Corpus-based topic modeling for the cognitive study of the 21st century sociocultural challenges
- Vera Zabotkina, Center for Cognitive Programs and Technologies, Russian State University for the Humanities, Moscow, Russian Federation
- Boris M. Velichkovsky, Center of NBICS-Technologies, Kurchatov Institute, Moscow, Russian Federation
- Artemy Kotov, Center of NBICS-Technologies, Kurchatov Institute, Moscow, Russian Federation
- Dmitry Orlov, Center for Cognitive Programs and Technologies, Russian State Univercity for the Humanities, Moscow, Russian Federation
- Alexander Piperski, Center for Computer Linguistics, Russian State University for the Humanities, Moscow, Russian Federation
- ELENA POZDNYAKOVA, Center for Cognitive Programs and Technologies, Russian State Univercity for the Humanities, Moscow, Russian Federation
AbstractThe results were obtained in the course of a two-stage study.

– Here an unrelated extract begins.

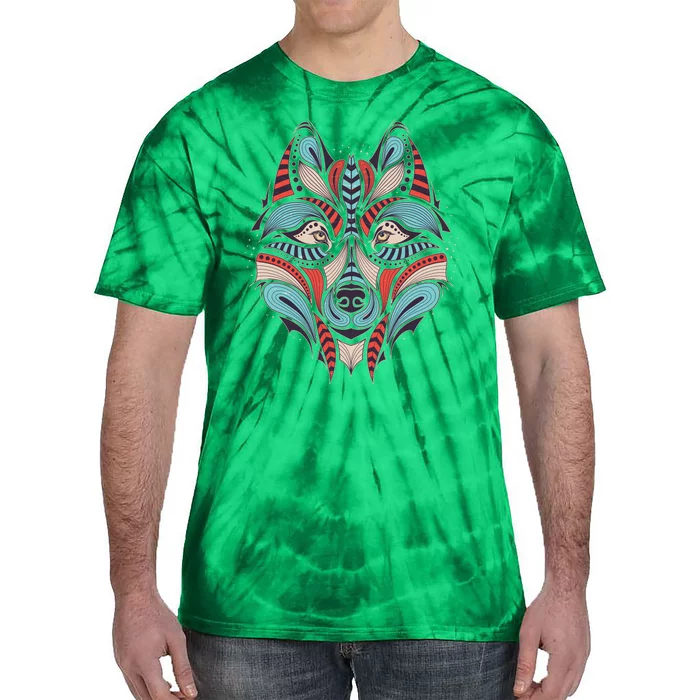 Native American Tribal Wolf Face Tie-Dye T-Shirt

At the first stage (2018) linguists analyzed the conceptual domain “sociocultural challenges” on the basis of purposely elaborated Russian language THREAT-corpus (10.4 m words) and built a frame of the domain. At the second stage (2018-2019) the research was carried out with methods of automated topic modeling for two Russian language corpora: THREAT-corpus and alternative corpus collected using WebBootCaT tool in the SketchEngine corpus management system. Methods of topic modeling (PLSA, LDA, BigARTM et al.) allowed eliciting thematic profiles for texts of both corpora. Comparison of two datasets was carried out by applying set theory, graph theory, and probabilistic analysis. Combining topic modeling with linguistic frame analysis resulted in more precise configurations of cognitive models in the conceptual domain “sociocultural challenges”. Word frequency for lexemes manifesting sociocultural challenges proved to be an important factor of conceptual structures representation.